Basically, I had problems even with the start: If you want to remove a word from a trie, it can has sub-"words", or it can be "subword" of another word.
If you remove with "del dict[key]", you are removing these above mentioned two kinds of words also.
Could anyone help me in this, how to remove properly the chosen word (let us presume it's in the trie)
Basically, to remove a word from the trie (as it is implemented in the answer you linked to), you'd just have to remove its _end marker, for example like this:
def remove_word(trie, word):
current_dict = trie
for letter in word:
current_dict = current_dict.get(letter, None)
if current_dict is None:
# the trie doesn't contain this word.
break
else:
del current_dict[_end]
Note however that this doesn't ensure that the trie has its minimal size. After deleting the word, there may be branches in the trie left that are no longer used by any words. This doesn't affect the correctness of the data structure, it just means that the trie may consume more memory than absolutely necessary. You could improve this by iterating backwards from the leaf node and delete branches until you find one that has more than one child.

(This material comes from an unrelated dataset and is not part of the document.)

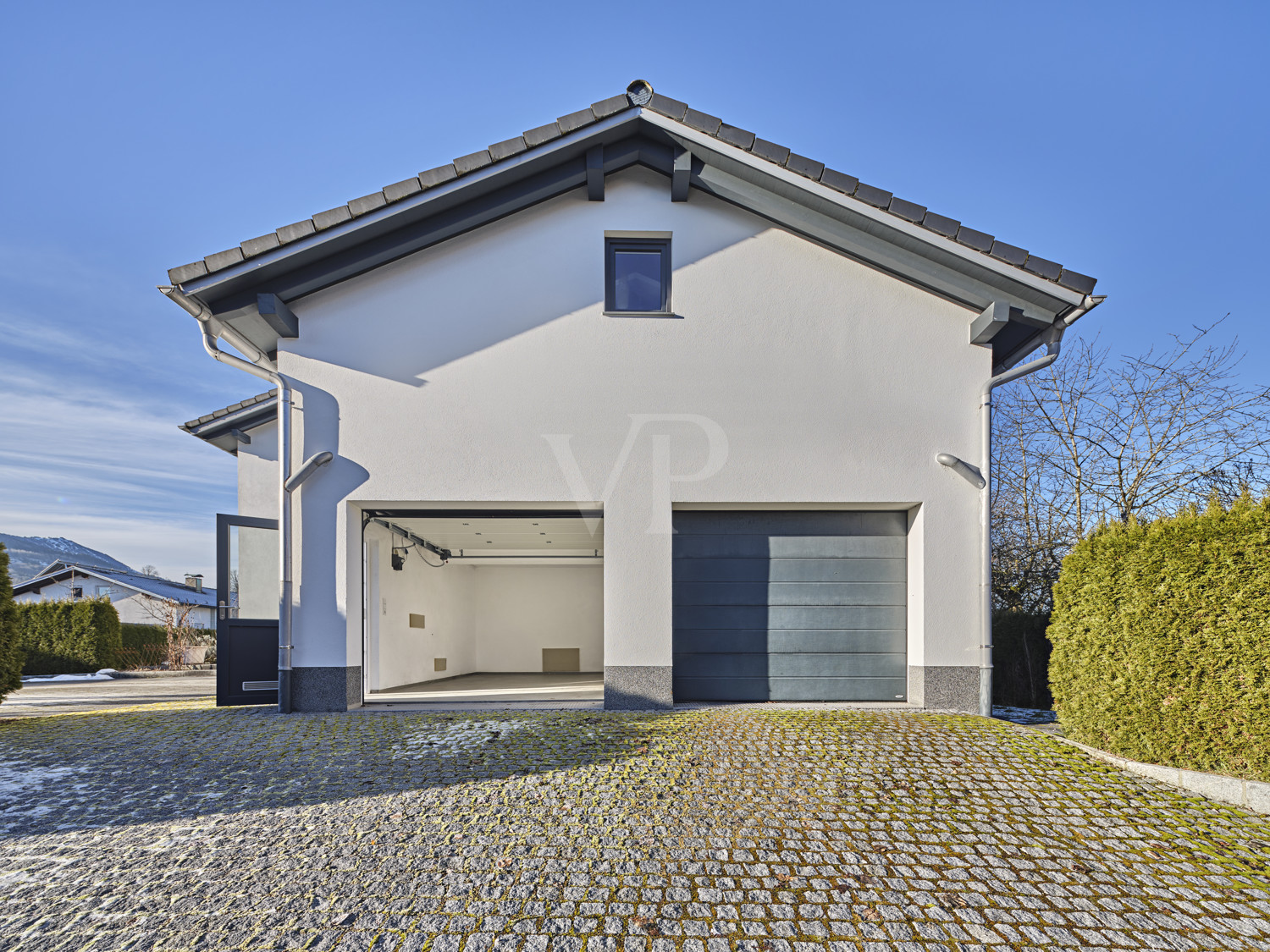 Garagenanbau mit Stellplatzfläche vor Garagen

EDIT: Here's an idea how you could implement a remove function that also culls any unnecessary branches. There's probably a more efficient way to do it, but this might get you started:
def remove_word2(trie, word):
current_dict = trie
path = [current_dict]
for letter in word:
current_dict = current_dict.get(letter, None)
path.append(current_dict)
if current_dict is None:
# the trie doesn't contain this word.
break
else:
if not path[-1].get(_end, None):
# the trie doesn't contain this word (but a prefix of it).
return
deleted_branches = []
for current_dict, letter in zip(reversed(path[:-1]), reversed(word)):
if len(current_dict[letter]) <= 1:
deleted_branches.append((current_dict, letter))
else:
break
if len(deleted_branches) > 0:
del deleted_branches[-1][0][deleted_branches[-1][1]]
del path[-1][_end]
Essentially, it first finds the "path" to the word that is about to be deleted and then iterates through that backwards to find nodes that can be removed. It then removes the root of the path that can be deleted (which also implicitly deletes the _end node).
I think it is better to do it recursively, code as following:
def remove(self, word):
self.delete(self.tries, word, 0)
def delete(self, dicts, word, i):
if i == len(word):
if 'end' in dicts:
del dicts['end']
if len(dicts) == 0:
return True
else:
return False
else:
return False
else:
if word[i] in dicts and self.delete(dicts[word[i]], word, i + 1):
if len(dicts[word[i]]) == 0:
del dicts[word[i]]
return True
else:
return False
else:
return False
def remove_a_word_util(self, word, idx, node):
if len(word) == idx:
node.is_end_of_word = False
return bool(node.children)
ch = word[idx]
if ch not in node.children:
return True
flag = self.remove_a_word_util(word, idx+1, node.children[ch])
if flag:
return True
node.children.pop(ch)
return bool(node.children) or node.is_end_of_word
One method of handling structures like this is through recursion. The great thing about recursion in this case is that it zips to the bottom of the trie, then passes the returned values back up through the branches.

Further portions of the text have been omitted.